| Provided data |
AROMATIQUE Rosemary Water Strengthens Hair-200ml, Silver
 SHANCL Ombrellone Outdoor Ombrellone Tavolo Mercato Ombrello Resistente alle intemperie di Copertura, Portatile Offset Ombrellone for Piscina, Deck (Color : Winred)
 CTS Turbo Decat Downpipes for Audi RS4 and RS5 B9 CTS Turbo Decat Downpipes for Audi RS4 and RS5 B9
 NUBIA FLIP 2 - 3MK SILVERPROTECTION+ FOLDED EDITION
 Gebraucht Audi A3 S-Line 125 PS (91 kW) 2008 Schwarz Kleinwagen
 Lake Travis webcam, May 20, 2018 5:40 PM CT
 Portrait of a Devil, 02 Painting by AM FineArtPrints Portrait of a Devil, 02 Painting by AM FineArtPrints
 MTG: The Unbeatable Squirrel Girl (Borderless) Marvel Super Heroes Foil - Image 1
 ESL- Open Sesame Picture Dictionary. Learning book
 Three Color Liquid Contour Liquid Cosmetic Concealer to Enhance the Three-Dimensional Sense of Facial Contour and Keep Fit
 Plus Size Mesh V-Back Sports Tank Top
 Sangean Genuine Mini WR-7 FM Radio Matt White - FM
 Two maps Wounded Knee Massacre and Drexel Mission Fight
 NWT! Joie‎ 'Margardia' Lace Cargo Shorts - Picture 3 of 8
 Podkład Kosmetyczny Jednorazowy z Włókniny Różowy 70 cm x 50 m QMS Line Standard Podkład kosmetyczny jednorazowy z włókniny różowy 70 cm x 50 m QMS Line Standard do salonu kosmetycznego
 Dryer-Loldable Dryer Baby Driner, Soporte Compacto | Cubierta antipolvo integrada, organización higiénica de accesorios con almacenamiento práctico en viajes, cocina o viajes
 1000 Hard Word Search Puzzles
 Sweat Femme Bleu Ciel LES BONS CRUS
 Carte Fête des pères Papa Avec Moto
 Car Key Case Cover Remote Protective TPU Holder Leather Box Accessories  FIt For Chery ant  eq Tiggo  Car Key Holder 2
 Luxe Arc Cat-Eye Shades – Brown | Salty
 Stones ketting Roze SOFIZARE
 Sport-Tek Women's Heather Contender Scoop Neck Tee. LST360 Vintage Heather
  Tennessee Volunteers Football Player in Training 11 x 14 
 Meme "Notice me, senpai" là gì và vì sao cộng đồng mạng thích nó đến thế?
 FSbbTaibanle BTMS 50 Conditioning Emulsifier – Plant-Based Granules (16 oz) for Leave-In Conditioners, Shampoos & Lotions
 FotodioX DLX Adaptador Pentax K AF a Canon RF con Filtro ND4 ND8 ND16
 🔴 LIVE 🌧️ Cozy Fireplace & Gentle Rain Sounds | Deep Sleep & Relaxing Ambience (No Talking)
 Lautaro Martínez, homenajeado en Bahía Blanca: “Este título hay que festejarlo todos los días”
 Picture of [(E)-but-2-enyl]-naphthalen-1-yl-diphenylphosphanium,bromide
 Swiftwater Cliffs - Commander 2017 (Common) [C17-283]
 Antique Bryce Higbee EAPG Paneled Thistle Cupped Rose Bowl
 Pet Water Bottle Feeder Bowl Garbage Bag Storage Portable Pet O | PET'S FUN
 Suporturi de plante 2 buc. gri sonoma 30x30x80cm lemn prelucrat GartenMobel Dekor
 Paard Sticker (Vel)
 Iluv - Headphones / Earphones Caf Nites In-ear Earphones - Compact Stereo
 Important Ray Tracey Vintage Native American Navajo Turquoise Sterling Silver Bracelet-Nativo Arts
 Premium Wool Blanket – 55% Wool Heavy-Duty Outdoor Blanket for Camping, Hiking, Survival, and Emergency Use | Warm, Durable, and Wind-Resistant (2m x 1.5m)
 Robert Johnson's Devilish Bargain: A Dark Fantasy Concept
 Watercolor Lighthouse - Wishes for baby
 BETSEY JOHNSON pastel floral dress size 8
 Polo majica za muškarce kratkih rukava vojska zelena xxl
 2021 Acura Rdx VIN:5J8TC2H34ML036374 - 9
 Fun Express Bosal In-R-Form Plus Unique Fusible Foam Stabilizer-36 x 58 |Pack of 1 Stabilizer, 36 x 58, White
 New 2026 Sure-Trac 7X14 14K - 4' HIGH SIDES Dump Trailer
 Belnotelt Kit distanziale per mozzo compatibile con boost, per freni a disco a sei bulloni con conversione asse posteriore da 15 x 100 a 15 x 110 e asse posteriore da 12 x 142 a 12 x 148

| Work required |
Extract all of the data above and output it character for character.

| Solved exercise |
AROMATIQUE Rosemary Water Strengthens Hair-200ml, Silver
 SHANCL Ombrellone Outdoor Ombrellone Tavolo Mercato Ombrello Resistente alle intemperie di Copertura, Portatile Offset Ombrellone for Piscina, Deck (Color : Winred)
 CTS Turbo Decat Downpipes for Audi RS4 and RS5 B9 CTS Turbo Decat Downpipes for Audi RS4 and RS5 B9
 NUBIA FLIP 2 - 3MK SILVERPROTECTION+ FOLDED EDITION
 Gebraucht Audi A3 S-Line 125 PS (91 kW) 2008 Schwarz Kleinwagen
 Lake Travis webcam, May 20, 2018 5:40 PM CT
 Portrait of a Devil, 02 Painting by AM FineArtPrints Portrait of a Devil, 02 Painting by AM FineArtPrints
 MTG: The Unbeatable Squirrel Girl (Borderless) Marvel Super Heroes Foil - Image 1
 ESL- Open Sesame Picture Dictionary. Learning book
 Three Color Liquid Contour Liquid Cosmetic Concealer to Enhance the Three-Dimensional Sense of Facial Contour and Keep Fit
 Plus Size Mesh V-Back Sports Tank Top
 Sangean Genuine Mini WR-7 FM Radio Matt White - FM
 Two maps Wounded Knee Massacre and Drexel Mission Fight
 NWT! Joie‎ 'Margardia' Lace Cargo Shorts - Picture 3 of 8
 Podkład Kosmetyczny Jednorazowy z Włókniny Różowy 70 cm x 50 m QMS Line Standard Podkład kosmetyczny jednorazowy z włókniny różowy 70 cm x 50 m QMS Line Standard do salonu kosmetycznego
 Dryer-Loldable Dryer Baby Driner, Soporte Compacto | Cubierta antipolvo integrada, organización higiénica de accesorios con almacenamiento práctico en viajes, cocina o viajes
 1000 Hard Word Search Puzzles
 Sweat Femme Bleu Ciel LES BONS CRUS
 Carte Fête des pères Papa Avec Moto
 Car Key Case Cover Remote Protective TPU Holder Leather Box Accessories  FIt For Chery ant  eq Tiggo  Car Key Holder 2
 Luxe Arc Cat-Eye Shades – Brown | Salty
 Stones ketting Roze SOFIZARE
 Sport-Tek Women's Heather Contender Scoop Neck Tee. LST360 Vintage Heather
  Tennessee Volunteers Football Player in Training 11 x 14 
 Meme "Notice me, senpai" là gì và vì sao cộng đồng mạng thích nó đến thế?
 FSbbTaibanle BTMS 50 Conditioning Emulsifier – Plant-Based Granules (16 oz) for Leave-In Conditioners, Shampoos & Lotions
 FotodioX DLX Adaptador Pentax K AF a Canon RF con Filtro ND4 ND8 ND16
 🔴 LIVE 🌧️ Cozy Fireplace & Gentle Rain Sounds | Deep Sleep & Relaxing Ambience (No Talking)
 Lautaro Martínez, homenajeado en Bahía Blanca: “Este título hay que festejarlo todos los días”
 Picture of [(E)-but-2-enyl]-naphthalen-1-yl-diphenylphosphanium,bromide
 Swiftwater Cliffs - Commander 2017 (Common) [C17-283]
 Antique Bryce Higbee EAPG Paneled Thistle Cupped Rose Bowl
 Pet Water Bottle Feeder Bowl Garbage Bag Storage Portable Pet O | PET'S FUN
 Suporturi de plante 2 buc. gri sonoma 30x30x80cm lemn prelucrat GartenMobel Dekor
 Paard Sticker (Vel)
 Iluv - Headphones / Earphones Caf Nites In-ear Earphones - Compact Stereo
 Important Ray Tracey Vintage Native American Navajo Turquoise Sterling Silver Bracelet-Nativo Arts
 Premium Wool Blanket – 55% Wool Heavy-Duty Outdoor Blanket for Camping, Hiking, Survival, and Emergency Use | Warm, Durable, and Wind-Resistant (2m x 1.5m)
 Robert Johnson's Devilish Bargain: A Dark Fantasy Concept
 Watercolor Lighthouse - Wishes for baby
 BETSEY JOHNSON pastel floral dress size 8
 Polo majica za muškarce kratkih rukava vojska zelena xxl
 2021 Acura Rdx VIN:5J8TC2H34ML036374 - 9
 Fun Express Bosal In-R-Form Plus Unique Fusible Foam Stabilizer-36 x 58 |Pack of 1 Stabilizer, 36 x 58, White
 New 2026 Sure-Trac 7X14 14K - 4' HIGH SIDES Dump Trailer
 Belnotelt Kit distanziale per mozzo compatibile con boost, per freni a disco a sei bulloni con conversione asse posteriore da 15 x 100 a 15 x 110 e asse posteriore da 12 x 142 a 12 x 148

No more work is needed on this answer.